> [TASK BRIEF] Write out word for word the lines from the one holding "Mystical digital painting" through the end of the data, and only those lines. Pictures stay out.

> [SOURCE MATERIAL]
──────────────────────────────
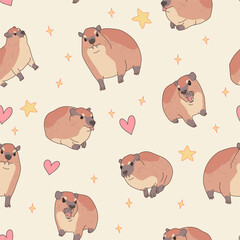 Seamless pattern. Cute animal rock hyrax with hearts and stars on beige background. Vector illustration for design, wallpaper, packaging, textile. kids collection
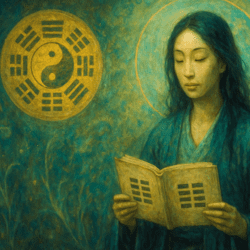 Mystical digital painting of a serene woman in a teal robe holding the I Ching, with glowing trigrams and a swirling ethereal background.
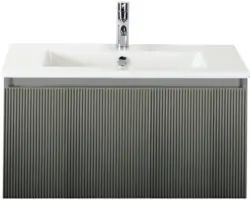 Waschbeckenunterschrank Sanox Frozen 3D Keramik 42x81x46 cm mit Keramikwaschbecken petrol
──────────────────────────────
> [EXERCISE ANSWER]
 Mystical digital painting of a serene woman in a teal robe holding the I Ching, with glowing trigrams and a swirling ethereal background.
 Waschbeckenunterschrank Sanox Frozen 3D Keramik 42x81x46 cm mit Keramikwaschbecken petrol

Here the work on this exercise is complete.